Fedora Extras, Fedora Core CVS Open!

Tomas Mraz tmraz at redhat.com
Fri Dec 17 10:39:29 UTC 2004


On Fri, 2004-12-17 at 00:46 -0500, Cristian Gafton wrote:
> On Fri, 17 Dec 2004, Dag Wieers wrote:
> > Only fork SPEC files when the complexity of maintaining them becomes
> > harder than the complexity of keeping things synchronised.
> 
> I would say the opposite is true as well: only maintain a complex spec 
> file if the work required to maintain 3 simpler ones is overwhelming. That 
> is because usually, after a release, 90% of the packages are rarely 
> touched again for that release. And having the freedom of changing a spec 
> file in the devel tree without worrying whether it will continue to build 
> on an older release if you ever have to do a security errata speeds up the 
> development - and that is because the older release has its own spec file 
> that it is known to work as of the time that older release shipped.
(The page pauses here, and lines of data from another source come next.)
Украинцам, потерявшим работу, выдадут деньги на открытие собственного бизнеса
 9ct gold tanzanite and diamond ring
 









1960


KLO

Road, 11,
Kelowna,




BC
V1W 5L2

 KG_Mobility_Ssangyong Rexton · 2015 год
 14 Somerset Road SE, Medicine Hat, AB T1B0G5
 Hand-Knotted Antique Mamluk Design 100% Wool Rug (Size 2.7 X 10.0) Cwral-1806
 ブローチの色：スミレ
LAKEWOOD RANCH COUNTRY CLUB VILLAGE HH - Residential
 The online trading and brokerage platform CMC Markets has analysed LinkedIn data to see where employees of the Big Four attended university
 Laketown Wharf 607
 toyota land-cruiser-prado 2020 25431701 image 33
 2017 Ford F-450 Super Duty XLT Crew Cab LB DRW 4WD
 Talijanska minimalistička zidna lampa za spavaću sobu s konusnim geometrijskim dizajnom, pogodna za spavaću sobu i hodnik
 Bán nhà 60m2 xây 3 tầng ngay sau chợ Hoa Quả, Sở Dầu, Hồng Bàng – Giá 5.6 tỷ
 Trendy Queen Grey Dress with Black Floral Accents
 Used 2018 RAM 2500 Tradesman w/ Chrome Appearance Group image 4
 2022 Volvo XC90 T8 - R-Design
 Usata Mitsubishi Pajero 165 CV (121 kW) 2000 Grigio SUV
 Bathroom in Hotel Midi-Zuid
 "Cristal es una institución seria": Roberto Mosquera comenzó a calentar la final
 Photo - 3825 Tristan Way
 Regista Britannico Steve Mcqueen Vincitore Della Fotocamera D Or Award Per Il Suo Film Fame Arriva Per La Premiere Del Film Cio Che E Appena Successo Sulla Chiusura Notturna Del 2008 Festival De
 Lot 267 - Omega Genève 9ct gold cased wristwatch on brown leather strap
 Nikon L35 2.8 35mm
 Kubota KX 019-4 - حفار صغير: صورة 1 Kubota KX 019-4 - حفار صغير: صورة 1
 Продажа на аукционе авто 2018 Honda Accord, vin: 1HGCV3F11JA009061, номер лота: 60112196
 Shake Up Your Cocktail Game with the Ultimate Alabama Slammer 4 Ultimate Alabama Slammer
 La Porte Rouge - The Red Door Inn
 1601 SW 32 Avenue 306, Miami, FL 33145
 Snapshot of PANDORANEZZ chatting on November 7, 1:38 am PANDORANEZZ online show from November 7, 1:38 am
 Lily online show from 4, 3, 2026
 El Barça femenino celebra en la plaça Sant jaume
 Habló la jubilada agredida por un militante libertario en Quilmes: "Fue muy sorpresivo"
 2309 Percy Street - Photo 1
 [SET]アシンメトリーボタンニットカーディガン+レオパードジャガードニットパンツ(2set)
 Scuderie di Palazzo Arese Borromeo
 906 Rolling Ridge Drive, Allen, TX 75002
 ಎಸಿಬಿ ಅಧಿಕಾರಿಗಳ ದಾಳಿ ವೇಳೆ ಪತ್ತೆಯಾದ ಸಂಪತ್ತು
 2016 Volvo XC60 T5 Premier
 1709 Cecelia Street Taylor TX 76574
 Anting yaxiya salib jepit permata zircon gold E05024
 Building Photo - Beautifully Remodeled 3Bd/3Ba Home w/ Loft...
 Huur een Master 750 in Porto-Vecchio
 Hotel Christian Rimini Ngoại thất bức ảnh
I think that the problem is clear. Red Hat/Fedora Core have different
goals than independent repositories. The goal of Fedora Core is to have
a stable set of packages for a release which then don't evolve much - we
only fix bugs with security impact or other serious bugs. There aren't
many packages which will get new versions from upstream during the
updates cycle. So there is clearly no need to maintain complex spec
files because the old spec files are good enough and they aren't changed
much except adding patches. And it's clearly better to have forked spec
files to avoid regressions.

That's much different from independent repositories such as Dag's
because they have the goal to deliver packages of new versions of
various software to as many distributions as possible. For this it's
much better to have one spec file with macros.

So the question is, will Fedora Extras be more like independent
repository or more like the Fedora Core. Or it could depend on package.